Aziz Sancar, eşi Gwen Sancar ile İstanbul Teknik Üniversitesini (İTÜ) ziyaret ederek, Süleyman Demirel Kültür Merkezi'nde "Nobel Konuşması" yaptı. Sancar, konuşmasında ödül sürecini, ödül sonrası verdiği konferansları, yayımlanmış ve yayımlanmamış çalışmalarını anlattı. Kendisine "Nobel hayatınızı nasıl değiştirdi?" diye sorulduğunu kaydeden Sancar, "Tabii çok değiştirdi, sağolsun devletimiz, Türk halkı ve bütün Türk dünyası çok ilgi gösterdi. Ülkemde resmim basılarak, özel posta pulu üretildi, Empire State binasında bir hafta boyunca resmim gösterildi. Sonra da benim için bir çizgi roman yaptılar ve yayımladılar" diye konuştu.

ÖDÜL SONRASI YAŞADIĞI MUTLULUĞU ANLATTI

Ödül sonrası kendisini en çok etkileyen takdirin İsveçli Türklerden geldiğini gözleri yaşararak aktaran Sancar, şunları söyledi:

"Bana en çok dokunan hediye; İsveç'teki işçi, emekçi kardeşlerimden geldi. Onların bana hediye ettiği kahve takımı ofisimde. 'Aziz hocam, siz çok çalıştınız, hak ettiniz, tebrik ederiz' dediler. Onlar da benim gibi işçi kardeşlerim, onları çok seviyorum, ben çalışmaya çok değer veriyorum."

"BU CUMHURİYETİN MADALYASI..."

Konuşmasında Nobel madalyasını dün Anıtkabir'e teslim ettiğini hatırlatan Aziz Sancar şunları söyledi:

"Nobel aldığım gün tam bir kaostu. Kardeşim Nihat olmasaydı ben altından çıkamazdım. Birkaç gün geçip, biraz ortalık yatıştıktan sonra madalyayı Anıtkabir'e vermeye karar verdim. Başka ne yapmalıydım? Bu Cumhuriyetin madalyası, tabii ki Anıtkabir'e koyacağım."

Aziz Sancar, Nobel'den 325 bin dolar para ödülü aldığını da söyleyerek, bu paranın masraflar çıktıktan sonra kalan 315 bin dolarını Carolina Türk Evi'ne bağışladığını ifade etti.

"BENİM GAYEM CAROLİNA TÜRK EVİ'NİN YAŞATMAK"

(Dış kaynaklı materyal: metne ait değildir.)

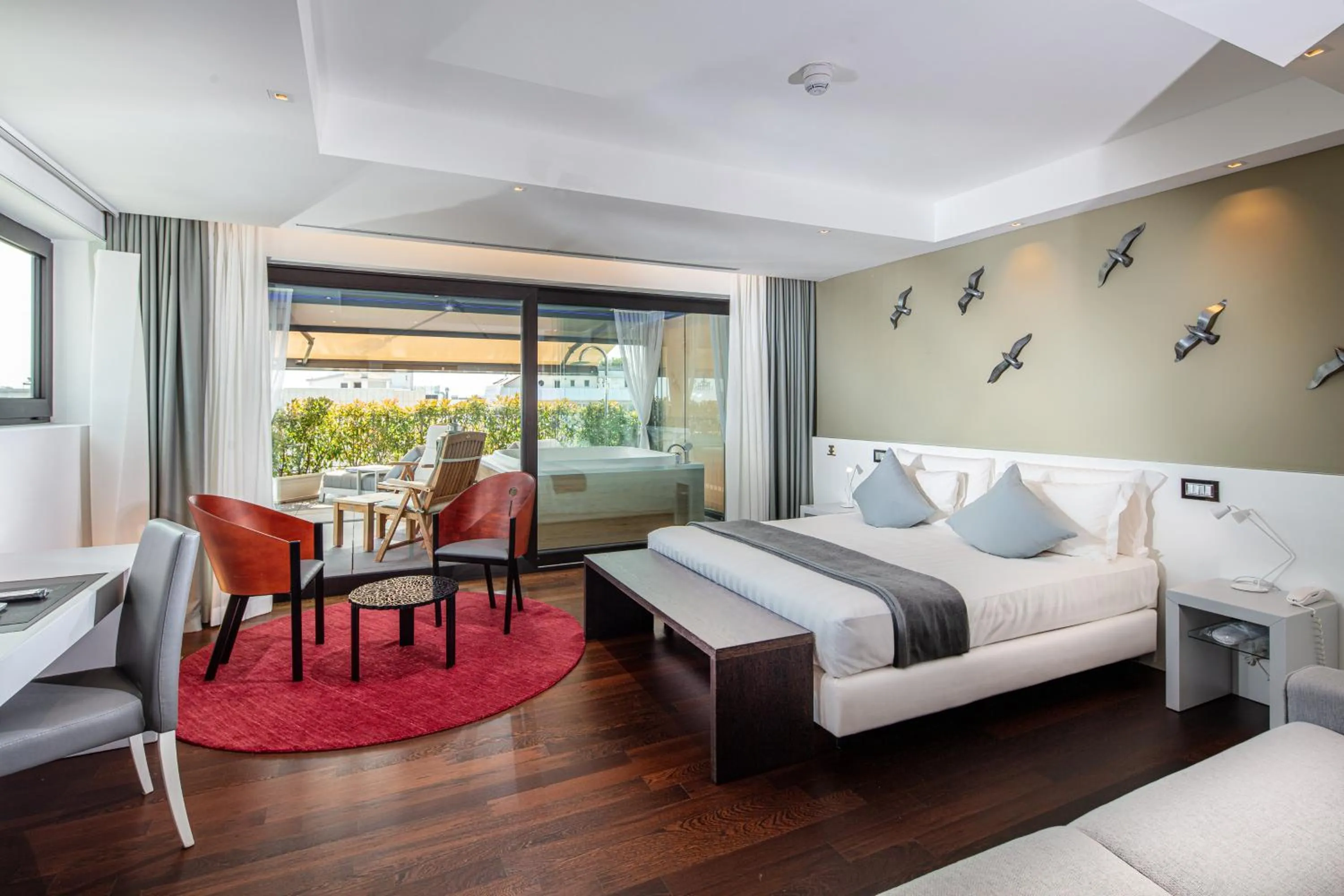 Bedroom in Monaco Suites Hotel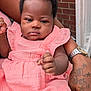 Princess is registered to the contest to win money with this photo: baby, infant, pink_dress, clothing, person, arm, hand, tattoo, watch, bracelet, skin, face, expressionless, closeup, outdoor, brick_wall, fabric, sitting, holding, adult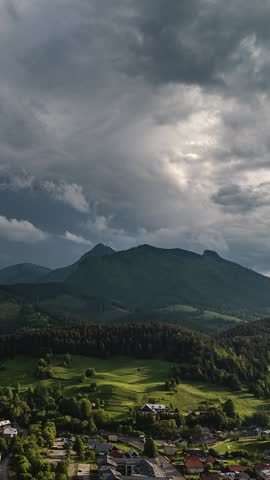 Vertical Timelapse of Storm Clouds Over European Countryside in Spring Nature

"Benim gayem Carolina Türk Evi'ni yaşatmak" diyen Sancar, bu isteğini duyan Cumhurbaşkanı Erdoğan'ın destek olmak istediğini, kendisinin de "Ben de bu ev Türk devletinin evi olsun, sizden bu evin Türk Kültür Merkezi olmasını isteriz ki, hiç kimse Atatürk'ü duymadım diyemesin" dediğini aktardı. Konuşmasının sonunda gençlere seslenen Sancar, şu tavsiyelerde
bulundu: "Gözünüzü seveyim politikayla uğraşmayın, onu yapanlar var, çok çalışın. Ne yaparsanız, iyi yapmaya çalışın, çalışmadan olmaz. Ben öğrenciyken günde 18 saat çalışırdım. Gazeteler yazmıştı, çok zaman gecelerimi laboratuvarda geçirdim. Çalışmak kendimize, ailemize, milletimize vatan, namus borcudur. Annem derdi ki, 'Kibir Allah'a yakışır, insana yakışmaz.' O yüzden elimden geldiği kadar mütevazı olmaya çalışıyorum."

Programda bir konuşma yapan Cumhurbaşkanı Başdanışmanı Prof. Dr. Davut Kavranoğlu da Aziz Sancar'a Türkiye'ye Nobel gururunu yaşattığı için teşekkür etti.

'MÜHENDİSHANE'NİN ÜÇ BAŞHOCASI' SERGİSİ AÇILDI

Etkinlikte daha sonra Prof. Dr. Sancar, Prof. Dr. Davut Kavranoğlu ve Prof. Dr. Mehmet Karaca, İTÜ'nün önemli çalışmalara imza atmış ‘başhocaları’ Hüseyin Rıfkı Efendi, Seyyid Ali Efendi ve Hoca İshak Efendi'nin nadir eserlerinin yer aldığı "Mühendishane'nin Üç Başhocası" sergisinin açılışını gerçekleştirdi. Etkinliğe İTÜ öğretim üyeleri ve öğrencileri katıldı.